O Método Diaplant
Na Diaplant, quase todas as árvores crescem em solo aberto. Não em vasos de plástico, não em substrato artificial — em terra, no campo, em Amarante. E a cada três a cinco anos, cada árvore é arrancada, as raízes são podadas e o exemplar é replantado noutro talhão, com mais espaço. Este ciclo repete-se ao longo de anos, por vezes décadas, até ao dia em que a árvore sai do viveiro para o seu destino final.
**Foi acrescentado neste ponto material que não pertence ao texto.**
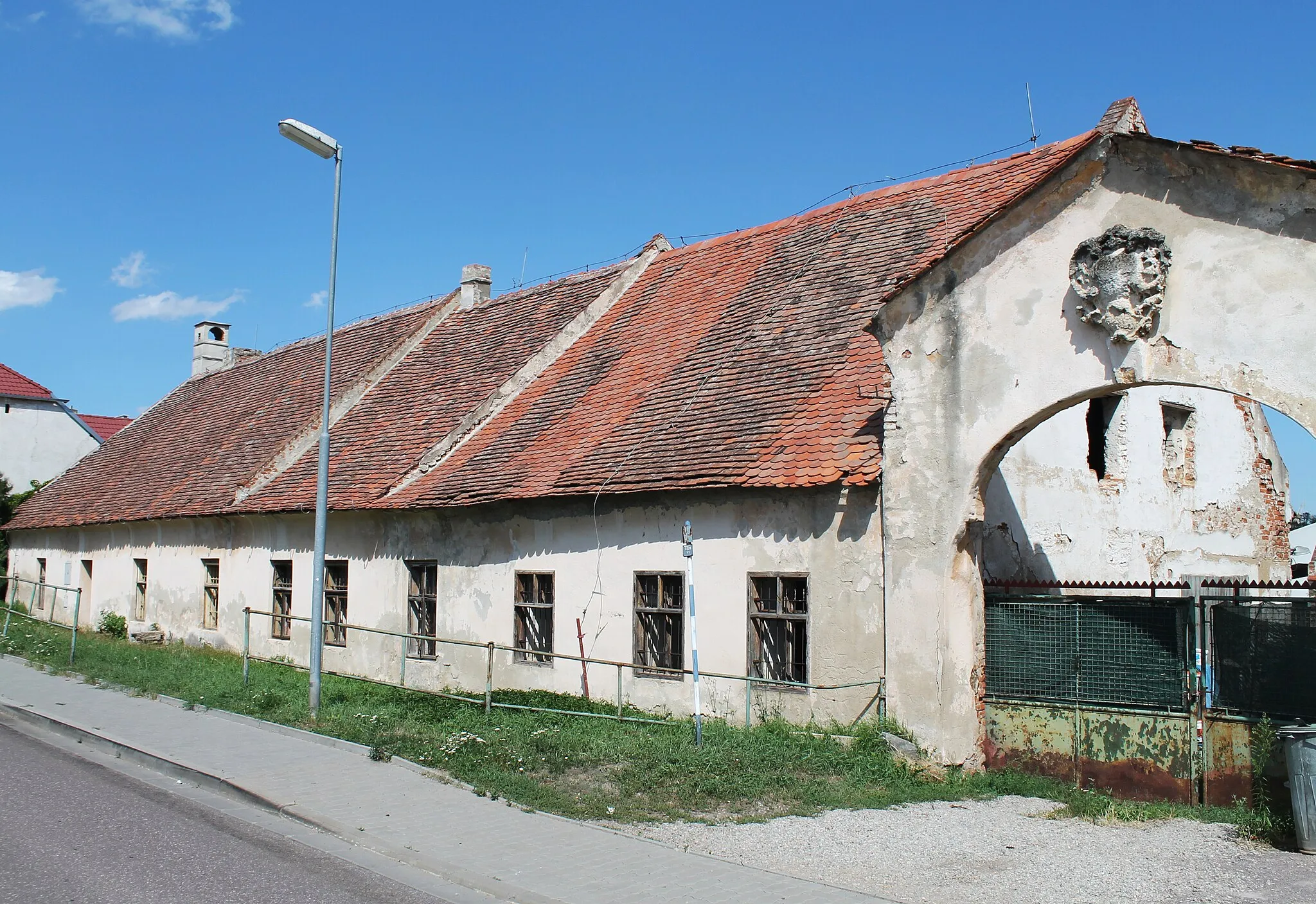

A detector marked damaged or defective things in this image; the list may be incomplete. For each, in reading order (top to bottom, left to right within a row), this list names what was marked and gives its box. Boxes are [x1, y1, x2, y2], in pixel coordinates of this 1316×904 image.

A técnica tem um nome. Em alemão chama-se Verschulen — literalmente, “re-escolar” — e nasceu nos viveiros do norte da Alemanha e dos Países Baixos na segunda metade do século XIX. Carlos Azevedo aprendeu-a com viveiristas dessas regiões e trouxe-a para os 33 hectares de Amarante, onde a aplica com as adaptações que o clima e o solo peninsulares exigem. Na Península Ibérica, o Verschulen é praticamente desconhecido. A Diaplant é um dos poucos viveiros — talvez o único — a adoptá-lo como método de produção principal.
O princípio é simples: cada transplante força a árvore a regenerar raízes finas e activas junto ao tronco, construindo um torrão compacto e coeso. Ao mesmo tempo, a copa é conduzida, o equilíbrio entre a parte aérea e a parte subterrânea é avaliado, e a árvore ganha um historial legível — não apenas de crescimento, mas de respostas. Uma árvore que passou por quatro ou cinco destes ciclos já provou, repetidamente, que sabe mudar de lugar. O torrão sai inteiro. As raízes crescem para fora, de forma radial, em vez de girarem sobre si mesmas como acontece dentro de um contentor de plástico. O resultado é uma árvore com maior capacidade de se estabelecer no seu destino — e de continuar a crescer depois de lá chegar. Há casos pontuais em que o contentor faz sentido, e nesses casos usa-se. Mas a regra, na Diaplant, é o campo.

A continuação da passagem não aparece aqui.